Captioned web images

▬▬▬▬▬▬▬▬▬▬

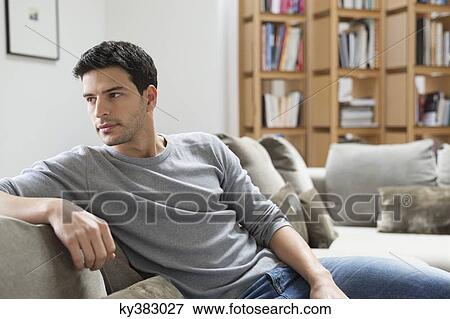 Stock Photo - Man resting on a couch. Fotosearch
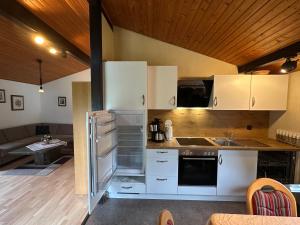 a kitchen with white cabinets and an open refrigerator at Ferienhaus Abendgold in Waldbrunn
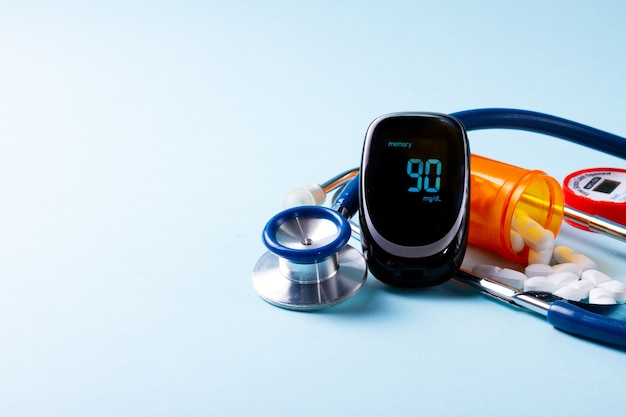 Pillen in der orange Flasche mit Blutzuckermessgerät und Stethoskop auf blauem Hintergrund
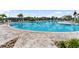 Expansive community pool with ample deck space, lounge chairs, and clear blue water at 17737 Savory Mist Cir, Bradenton, FL 34211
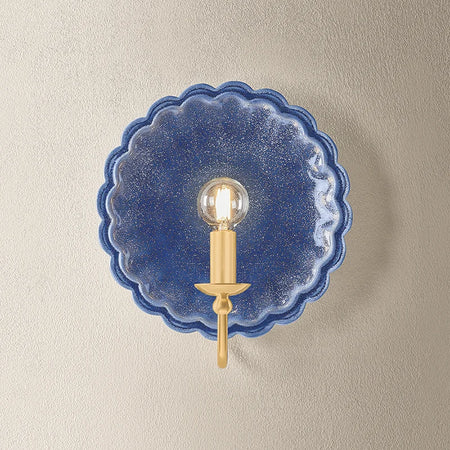 Scalloped Edge Pierce Denim Wall Sconce illuminated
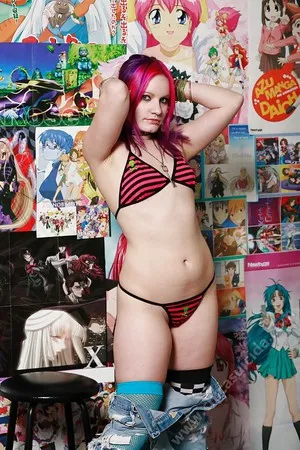 anime junkie girl doing strip tease        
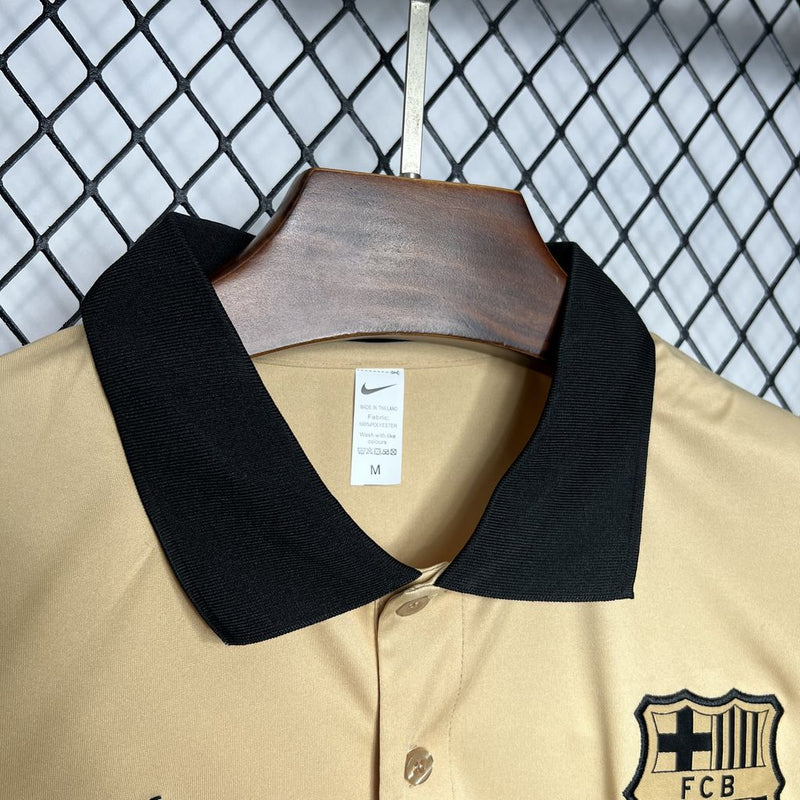 Camisa Barcelona Viagem Gold 24/25 - POLO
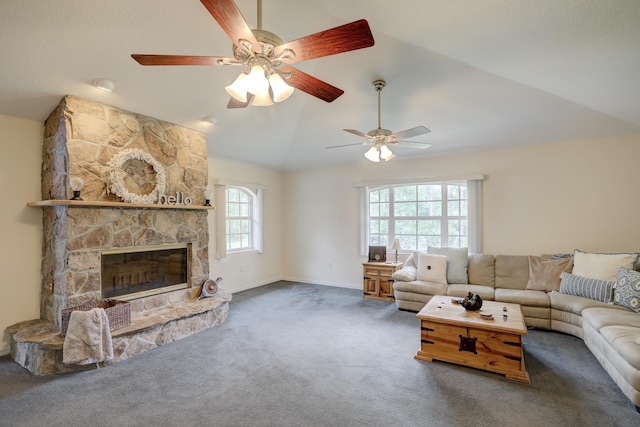 living room featuring vaulted ceiling, carpet, and a fireplace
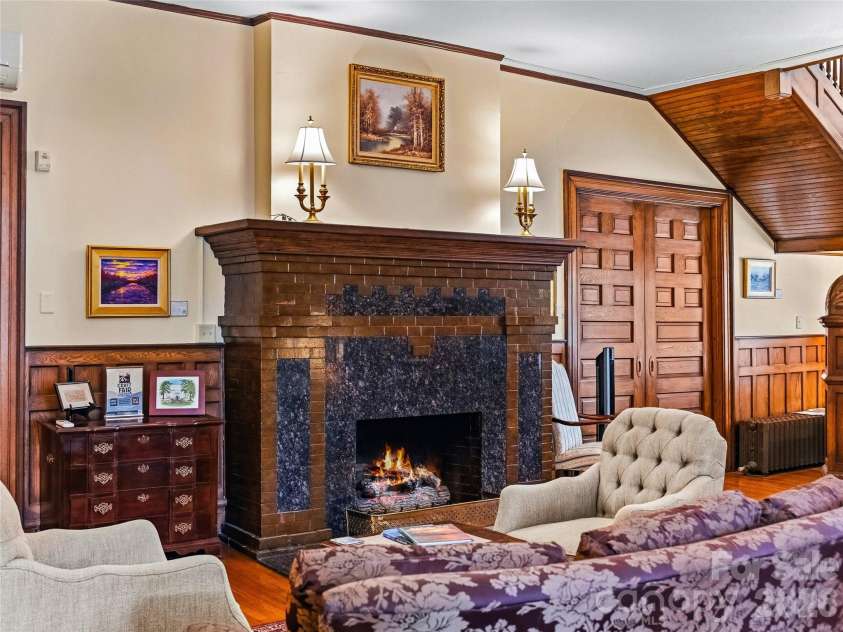 86 Edgemont Road, Asheville, NC 28801.  MLS# CAR4375523, YatesRealty ID 36581. Solid wood doors and detailed fireplace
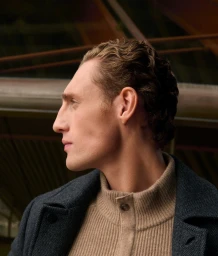 Profile portrait of a man wearing a dark textured coat over a beige turtleneck sweater against a dark architectural backdrop.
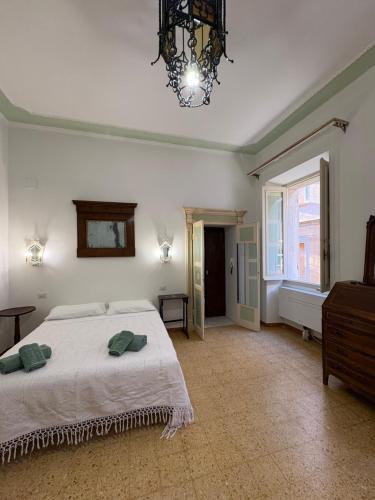 a large bedroom with a bed and a chandelier at Atelier Peretti in Alghero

▬▬▬▬▬▬▬▬▬▬

◆ Work instructions:
Exactly the lines from the one that contains "living room featuring" to the last line of the data, both included, should be set down, and no pictures should appear among them.

◆ Answer:
 living room featuring vaulted ceiling, carpet, and a fireplace
 86 Edgemont Road, Asheville, NC 28801.  MLS# CAR4375523, YatesRealty ID 36581. Solid wood doors and detailed fireplace
 Profile portrait of a man wearing a dark textured coat over a beige turtleneck sweater against a dark architectural backdrop.
 a large bedroom with a bed and a chandelier at Atelier Peretti in Alghero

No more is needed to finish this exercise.